Tak lama tamu yang ditunggu datang dengan segala macam ritualnya, termasuk basa basi sejenak. Kemudian dimulai dengan pembahasan formal yang disampaikan dengan lembut persuasive ,logis dan menyentuh, demi mengahargai keyakinan aqidah lain saya tidak tulis karena saya tidak berhak .

“Inilah keyakinan kami , kami harap hubungan baik ini  dapat dilanjutkan dengan baik sehingga kita menjadi keluarga besar.karena yang bakal menjalani mereka berdua kita sebagai orang tua hanya mendukungnya .”  dada saya berdegup kencang , apalagi keluarga calon pasangan wanita menatap saya penuh harap. Dan dada saya makin kencang saat wakil keluarga wanita mempersilahkan saya untuk memberi jawaban. Dimana saya sebelumnya segera menyeruput air kemasan dan menarik nafas panjang sambil mengucap , La khaula wala khuata ila billa hil ayliyil adhim , Bismillah hirrohmanirrohim, saya pun mulai berkata.

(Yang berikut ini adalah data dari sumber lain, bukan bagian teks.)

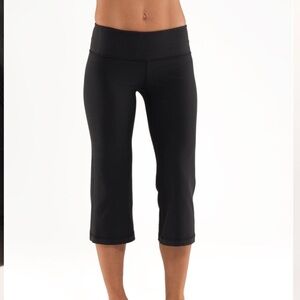 Lululemon groove crop size 4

“Selamat Siang , Semoga  Pertemuan Ini mendapat berkah dari Allah Tuhan Yang Maha Kuasa. Terima kasih sebelumnya…….dst , saya tidak ingin berkomentar atau berdebat dengan apa yang bapak ibu yakini ,itulah adalah hak ibu . Dan kewajiban  bapak /ibu untuk menyampaikan nya kepada kami sekeluarga. Namun ijinkan kami menyampaikan kewajiban kami menyampikan hak saya , sebagaimana hak bapak ibu yang sudah kami berikan.Bagaimana..?”.

“Monggo..” Kata Pakdenya yang  keliahatan sangat berwibawa seorang akademisi. Dilanjutkan anggukan anggota keluarga lainnya. 

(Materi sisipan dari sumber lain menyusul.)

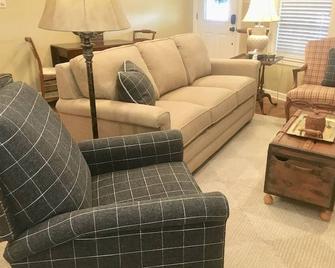 Phoenix Nest Guest Houses - Sunday House - Llano - Wohnzimmer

“Baiklah terima kasih, saya tidak akan berdalil atau apapun untuk mempercepat pertemuan ini, namun saya ingin bertanya kepada calon pasangan wanita.Bolehkah..?

“Boleh ..!”, seluruh yang hadir disana menyetujui..

“Nanda, Apakah sampai saat ini nanda yakin dengan agama nanda..!” saya buat kalimat saya selembut mungkin walaupun sedikit gemetar saya menyampaikan karena terlalu banyak titipan.

Dengan tegas dia  jawab, Yakin..!Mengangguk mantap

“Baik, Kalau nanda yakin, apakah nanda tahu bahwa ajaran agama nanda melarang perkawinan beda keyakinan..?”

“ Tahu..?”. yak arena sejak kecil sudah ngaji di TPA hingga jadi remaja masjid. 

“ Apakah anda yakin dengan larangan itu..?

“Yakin..?”

“kalau yakin , apakah nanda siap  putus dengan calon tunangan nanda sebagai perwujudan melaksanakan larangan itu..!’

“Saya siap putus dan iklash menjalani larangan itu..!”.  Menjawab dengan lancar seperti terbebas dari himpitan beban berat. Sayapun terkejut mendengar jawaban sangat lancar dan lugas dimana dari awal tidak saya setting sedemikian rupa dikarenakan keterbatasan waktu dan tidak ada unsur intrik untuk “mendzalimi” pihak lain . Natural saja Saya yakin Allah akan Membantu.

Dari pihak keluarga perempuan ada yang bersujud syukur berteriak alahamdulillah dan menitikkan air mata. Namun tidak demikian keluarga pria yang terlihat tegang saling pandang..

Untuk mencairkan suasana , saya melanjutkan pembicaraan , kalimat dan suara yang lebih lembut santun 

“Sebagaimana yang bapak ibu inginkan kita dengar sendiri bahwa calon pasangan wanita telah mengatakan bahwa hubungan tidak bisa diteruskan, mari kita hargai keputusannya , karena mereka berdua yang menjalaninya…!”

Singkat cerita tidak ada dendam tidak ada sakit hati , tetap “bersaudara” , datang baik baik , pulang baik baik. 

Saat ini pasangan wanitanya sudah bahagia menikah dengan pilihannya sendiri yang seiman dan berputra dua, keluarga kecil bahagia.